EXERCISE DIRECTIONS: Every line from the beginning of the data through the line containing "Picture - air-bed, beach, back" should be reproduced exactly, and no further lines should be output.

INFORMATION PROVIDED:
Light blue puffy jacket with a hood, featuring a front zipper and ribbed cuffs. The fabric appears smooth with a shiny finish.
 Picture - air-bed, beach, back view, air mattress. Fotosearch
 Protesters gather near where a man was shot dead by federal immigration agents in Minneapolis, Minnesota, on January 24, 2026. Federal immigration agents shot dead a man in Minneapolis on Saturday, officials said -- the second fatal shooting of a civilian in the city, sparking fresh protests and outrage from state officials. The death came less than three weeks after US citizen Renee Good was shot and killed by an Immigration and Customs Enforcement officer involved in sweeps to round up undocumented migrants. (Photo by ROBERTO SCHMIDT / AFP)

WRITTEN ANSWER:
Light blue puffy jacket with a hood, featuring a front zipper and ribbed cuffs. The fabric appears smooth with a shiny finish.
 Picture - air-bed, beach, back view, air mattress. Fotosearch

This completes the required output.